Neben dem Vorgehen gegen Pride-Demonstrationen steht Ungarn auch für
ein Gesetz in der Kritik, das die Arbeit von
Nichtregierungsorganisationen einschränken soll.

Bundesregierung erwägt Entzug der Stimmrechte

Die neue Bundesregierung schließt wegen Ungarns Umgang mit der
Rechtsstaatlichkeit auch einen Einsatz für den Entzug der Stimmrechte
auf EU-Ebene nicht aus. Jede Geduld habe «irgendwann mal ihr Ende»,
sagte der deutsche Europastaatsminister Gunther Krichbaum (CDU) bei
einem EU-Treffen in Brüssel.
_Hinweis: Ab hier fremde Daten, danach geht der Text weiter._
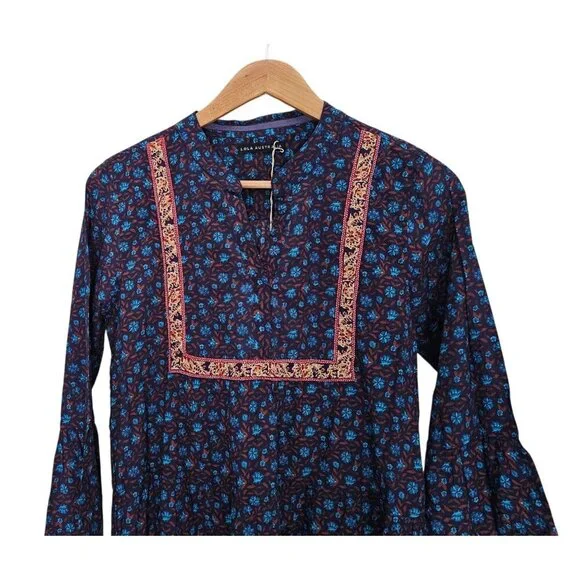 Women's - Lola Australia Blue Bell Sleeve Dress - Picture 3 of 7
Die ungarische Regierung stelle «absolut
verbindliche Prinzipien» wie Meinungs- und Pressefreiheit infrage,
die in der EU für Zusammenhalt sorgen würden.

Ein Entzug der Stimmrechte wäre nach Artikel 7 des Vertrags über die
Europäische Union möglich, sollten die anderen Mitgliedsstaaten
einstimmig feststellen, dass eine schwerwiegende und anhaltende
Verletzung der Rechtsstaatlichkeit vorliegt. Den Schritt wolle man
zwar vermeiden, gleichzeitig aber «nichts unversucht lassen», sagte
Krichbaum. «Wir hoffen natürlich, dass auch Ungarn irgendwann mal
diesen Ernst der Lage wirklich erkennt.»

Budapest weist die Vorwürfe zurück

Ungarns Europaminister Janos Boka wies die Vorwürfe bezüglich der
Pride unterdessen zurück. «Es gibt in Ungarn kein Pride-Verbot»,
sagte er am Rande eines Treffens in Brüssel. Er wolle seinen
Kolleginnen und Kollegen die rechtlichen und verfassungsrechtlichen
Grundlagen erläutern. Boka hoffe, dass diese danach ein
«nuancierteres Bild» der ungarischen Gesetzgebung hätten.

Das ungarische Parlament hatte am 18. März per Eilverfahren die
bisher alljährlichen Pride-Paraden verboten. Formell ist die
Neuregelung eine Ergänzung des Versammlungsgesetzes, die vorsieht,
dass Versammlungen das Kinderschutzgesetz nicht verletzen dürfen. Die
Pride-Parade wird darin nicht explizit genannt, sie ist jedoch
mitgemeint, wie auch aus den Debatten im Parlament hervorging.